The answer is to be an exact copy of the lines below running from the line with "Costume： hoodie and hiking pants 。" down to the line with "Womens UK Size", both ends included, and nothing more.

Material provided
····················
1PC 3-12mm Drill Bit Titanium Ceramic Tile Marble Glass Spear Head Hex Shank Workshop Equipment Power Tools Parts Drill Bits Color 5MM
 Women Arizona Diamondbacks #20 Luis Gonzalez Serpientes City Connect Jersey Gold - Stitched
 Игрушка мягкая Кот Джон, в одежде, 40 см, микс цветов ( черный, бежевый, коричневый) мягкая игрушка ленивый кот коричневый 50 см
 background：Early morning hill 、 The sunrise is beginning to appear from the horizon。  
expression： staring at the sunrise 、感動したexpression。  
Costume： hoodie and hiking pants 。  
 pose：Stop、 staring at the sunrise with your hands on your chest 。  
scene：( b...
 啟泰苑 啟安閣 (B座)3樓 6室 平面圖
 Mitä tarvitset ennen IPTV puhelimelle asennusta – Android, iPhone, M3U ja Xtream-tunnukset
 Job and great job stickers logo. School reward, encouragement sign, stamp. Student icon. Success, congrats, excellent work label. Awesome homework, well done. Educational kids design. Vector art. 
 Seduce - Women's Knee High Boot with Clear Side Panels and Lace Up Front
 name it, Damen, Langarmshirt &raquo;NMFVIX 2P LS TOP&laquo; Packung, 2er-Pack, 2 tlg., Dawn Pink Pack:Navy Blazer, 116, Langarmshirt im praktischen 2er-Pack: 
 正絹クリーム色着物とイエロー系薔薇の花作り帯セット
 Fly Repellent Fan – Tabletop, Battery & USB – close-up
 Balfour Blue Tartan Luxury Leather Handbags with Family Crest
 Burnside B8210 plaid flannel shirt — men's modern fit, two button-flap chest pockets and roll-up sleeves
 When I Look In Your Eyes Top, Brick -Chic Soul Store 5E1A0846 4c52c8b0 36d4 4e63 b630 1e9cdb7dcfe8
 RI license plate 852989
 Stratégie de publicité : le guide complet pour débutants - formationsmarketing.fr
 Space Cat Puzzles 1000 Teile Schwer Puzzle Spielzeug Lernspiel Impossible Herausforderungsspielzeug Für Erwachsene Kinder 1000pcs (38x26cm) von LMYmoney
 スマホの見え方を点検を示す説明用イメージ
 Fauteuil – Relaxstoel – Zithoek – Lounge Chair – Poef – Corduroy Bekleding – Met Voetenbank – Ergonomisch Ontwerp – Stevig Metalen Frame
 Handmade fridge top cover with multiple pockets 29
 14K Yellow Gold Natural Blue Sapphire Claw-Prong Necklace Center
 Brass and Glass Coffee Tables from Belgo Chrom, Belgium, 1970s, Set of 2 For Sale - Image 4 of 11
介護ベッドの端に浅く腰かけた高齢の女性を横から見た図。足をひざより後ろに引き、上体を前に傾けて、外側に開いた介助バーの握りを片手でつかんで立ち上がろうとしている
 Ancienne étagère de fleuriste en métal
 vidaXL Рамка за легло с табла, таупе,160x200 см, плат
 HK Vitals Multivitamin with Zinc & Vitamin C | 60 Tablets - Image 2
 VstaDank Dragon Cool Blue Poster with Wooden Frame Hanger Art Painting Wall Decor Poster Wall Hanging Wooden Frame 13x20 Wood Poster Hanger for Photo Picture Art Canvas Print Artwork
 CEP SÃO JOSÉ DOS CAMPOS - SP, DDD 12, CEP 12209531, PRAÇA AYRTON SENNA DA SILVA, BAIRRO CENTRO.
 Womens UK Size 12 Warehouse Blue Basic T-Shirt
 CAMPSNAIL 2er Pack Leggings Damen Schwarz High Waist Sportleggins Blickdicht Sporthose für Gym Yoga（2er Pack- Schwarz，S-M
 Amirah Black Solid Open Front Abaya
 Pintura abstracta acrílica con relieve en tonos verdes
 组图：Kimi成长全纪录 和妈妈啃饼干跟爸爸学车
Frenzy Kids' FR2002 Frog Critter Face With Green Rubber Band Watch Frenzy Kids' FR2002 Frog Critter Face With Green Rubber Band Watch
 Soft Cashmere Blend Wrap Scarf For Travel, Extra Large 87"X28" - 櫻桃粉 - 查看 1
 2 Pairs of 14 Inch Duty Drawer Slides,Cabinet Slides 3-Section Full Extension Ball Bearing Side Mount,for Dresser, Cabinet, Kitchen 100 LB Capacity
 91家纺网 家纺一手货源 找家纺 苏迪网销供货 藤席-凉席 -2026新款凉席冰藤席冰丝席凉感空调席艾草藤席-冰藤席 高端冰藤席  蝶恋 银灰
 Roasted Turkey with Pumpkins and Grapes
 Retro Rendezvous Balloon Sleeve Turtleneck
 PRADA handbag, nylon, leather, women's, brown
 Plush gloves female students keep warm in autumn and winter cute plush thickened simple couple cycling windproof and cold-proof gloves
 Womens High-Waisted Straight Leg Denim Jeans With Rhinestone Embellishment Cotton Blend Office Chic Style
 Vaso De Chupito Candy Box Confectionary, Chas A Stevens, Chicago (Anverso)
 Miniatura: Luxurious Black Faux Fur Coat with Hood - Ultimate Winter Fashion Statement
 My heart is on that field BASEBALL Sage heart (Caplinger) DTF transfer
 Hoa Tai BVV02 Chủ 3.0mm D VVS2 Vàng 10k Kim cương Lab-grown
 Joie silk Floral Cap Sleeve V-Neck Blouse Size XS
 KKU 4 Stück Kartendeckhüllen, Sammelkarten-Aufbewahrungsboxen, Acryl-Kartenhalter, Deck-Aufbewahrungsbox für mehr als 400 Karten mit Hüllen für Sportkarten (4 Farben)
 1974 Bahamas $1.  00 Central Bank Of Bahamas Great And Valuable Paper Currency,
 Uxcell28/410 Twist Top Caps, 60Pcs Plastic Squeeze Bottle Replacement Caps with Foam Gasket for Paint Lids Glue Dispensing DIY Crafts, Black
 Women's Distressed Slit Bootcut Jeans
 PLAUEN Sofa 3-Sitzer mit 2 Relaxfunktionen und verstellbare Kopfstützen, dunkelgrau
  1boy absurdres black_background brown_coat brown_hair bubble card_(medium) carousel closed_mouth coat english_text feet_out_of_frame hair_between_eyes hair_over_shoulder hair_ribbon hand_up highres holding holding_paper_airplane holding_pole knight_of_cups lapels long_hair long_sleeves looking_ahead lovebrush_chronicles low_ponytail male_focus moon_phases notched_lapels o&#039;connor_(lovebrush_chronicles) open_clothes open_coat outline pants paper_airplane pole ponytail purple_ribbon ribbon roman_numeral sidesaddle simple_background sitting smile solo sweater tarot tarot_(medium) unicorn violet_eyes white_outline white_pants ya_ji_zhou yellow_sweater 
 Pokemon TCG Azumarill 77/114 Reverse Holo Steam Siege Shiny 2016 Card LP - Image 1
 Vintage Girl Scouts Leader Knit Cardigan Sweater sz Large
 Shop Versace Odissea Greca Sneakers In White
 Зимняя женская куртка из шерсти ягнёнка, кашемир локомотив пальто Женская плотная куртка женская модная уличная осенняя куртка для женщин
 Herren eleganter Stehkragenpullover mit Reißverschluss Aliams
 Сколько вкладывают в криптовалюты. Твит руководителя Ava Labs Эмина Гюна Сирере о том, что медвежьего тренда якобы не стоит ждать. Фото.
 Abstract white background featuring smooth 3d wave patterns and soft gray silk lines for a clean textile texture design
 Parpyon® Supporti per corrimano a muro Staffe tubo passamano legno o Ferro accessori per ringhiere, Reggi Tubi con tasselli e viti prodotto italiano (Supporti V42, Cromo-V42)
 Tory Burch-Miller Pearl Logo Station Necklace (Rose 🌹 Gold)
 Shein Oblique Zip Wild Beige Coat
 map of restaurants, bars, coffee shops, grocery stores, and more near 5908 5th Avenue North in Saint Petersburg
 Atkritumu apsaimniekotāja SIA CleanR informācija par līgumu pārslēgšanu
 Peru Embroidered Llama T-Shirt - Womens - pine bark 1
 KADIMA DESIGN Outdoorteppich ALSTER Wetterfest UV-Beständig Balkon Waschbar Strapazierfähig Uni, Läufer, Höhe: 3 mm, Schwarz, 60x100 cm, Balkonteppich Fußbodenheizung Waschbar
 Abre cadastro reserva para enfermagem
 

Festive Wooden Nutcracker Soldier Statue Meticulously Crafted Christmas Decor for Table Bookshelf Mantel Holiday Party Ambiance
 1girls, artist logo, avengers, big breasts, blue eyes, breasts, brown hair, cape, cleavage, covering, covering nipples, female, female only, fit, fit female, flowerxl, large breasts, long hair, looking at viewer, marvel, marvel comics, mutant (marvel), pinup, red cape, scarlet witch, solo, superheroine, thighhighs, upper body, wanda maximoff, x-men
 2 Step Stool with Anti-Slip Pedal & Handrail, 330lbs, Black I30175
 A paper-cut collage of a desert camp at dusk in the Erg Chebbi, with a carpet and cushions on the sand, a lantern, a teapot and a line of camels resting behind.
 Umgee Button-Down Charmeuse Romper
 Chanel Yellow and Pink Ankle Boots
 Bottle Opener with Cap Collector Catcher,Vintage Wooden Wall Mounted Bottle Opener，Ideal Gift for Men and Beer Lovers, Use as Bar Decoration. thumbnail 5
····················
Task output
Costume： hoodie and hiking pants 。  
 pose：Stop、 staring at the sunrise with your hands on your chest 。  
scene：( b...
 啟泰苑 啟安閣 (B座)3樓 6室 平面圖
 Mitä tarvitset ennen IPTV puhelimelle asennusta – Android, iPhone, M3U ja Xtream-tunnukset
 Job and great job stickers logo. School reward, encouragement sign, stamp. Student icon. Success, congrats, excellent work label. Awesome homework, well done. Educational kids design. Vector art. 
 Seduce - Women's Knee High Boot with Clear Side Panels and Lace Up Front
 name it, Damen, Langarmshirt &raquo;NMFVIX 2P LS TOP&laquo; Packung, 2er-Pack, 2 tlg., Dawn Pink Pack:Navy Blazer, 116, Langarmshirt im praktischen 2er-Pack: 
 正絹クリーム色着物とイエロー系薔薇の花作り帯セット
 Fly Repellent Fan – Tabletop, Battery & USB – close-up
 Balfour Blue Tartan Luxury Leather Handbags with Family Crest
 Burnside B8210 plaid flannel shirt — men's modern fit, two button-flap chest pockets and roll-up sleeves
 When I Look In Your Eyes Top, Brick -Chic Soul Store 5E1A0846 4c52c8b0 36d4 4e63 b630 1e9cdb7dcfe8
 RI license plate 852989
 Stratégie de publicité : le guide complet pour débutants - formationsmarketing.fr
 Space Cat Puzzles 1000 Teile Schwer Puzzle Spielzeug Lernspiel Impossible Herausforderungsspielzeug Für Erwachsene Kinder 1000pcs (38x26cm) von LMYmoney
 スマホの見え方を点検を示す説明用イメージ
 Fauteuil – Relaxstoel – Zithoek – Lounge Chair – Poef – Corduroy Bekleding – Met Voetenbank – Ergonomisch Ontwerp – Stevig Metalen Frame
 Handmade fridge top cover with multiple pockets 29
 14K Yellow Gold Natural Blue Sapphire Claw-Prong Necklace Center
 Brass and Glass Coffee Tables from Belgo Chrom, Belgium, 1970s, Set of 2 For Sale - Image 4 of 11
介護ベッドの端に浅く腰かけた高齢の女性を横から見た図。足をひざより後ろに引き、上体を前に傾けて、外側に開いた介助バーの握りを片手でつかんで立ち上がろうとしている
 Ancienne étagère de fleuriste en métal
 vidaXL Рамка за легло с табла, таупе,160x200 см, плат
 HK Vitals Multivitamin with Zinc & Vitamin C | 60 Tablets - Image 2
 VstaDank Dragon Cool Blue Poster with Wooden Frame Hanger Art Painting Wall Decor Poster Wall Hanging Wooden Frame 13x20 Wood Poster Hanger for Photo Picture Art Canvas Print Artwork
 CEP SÃO JOSÉ DOS CAMPOS - SP, DDD 12, CEP 12209531, PRAÇA AYRTON SENNA DA SILVA, BAIRRO CENTRO.
 Womens UK Size 12 Warehouse Blue Basic T-Shirt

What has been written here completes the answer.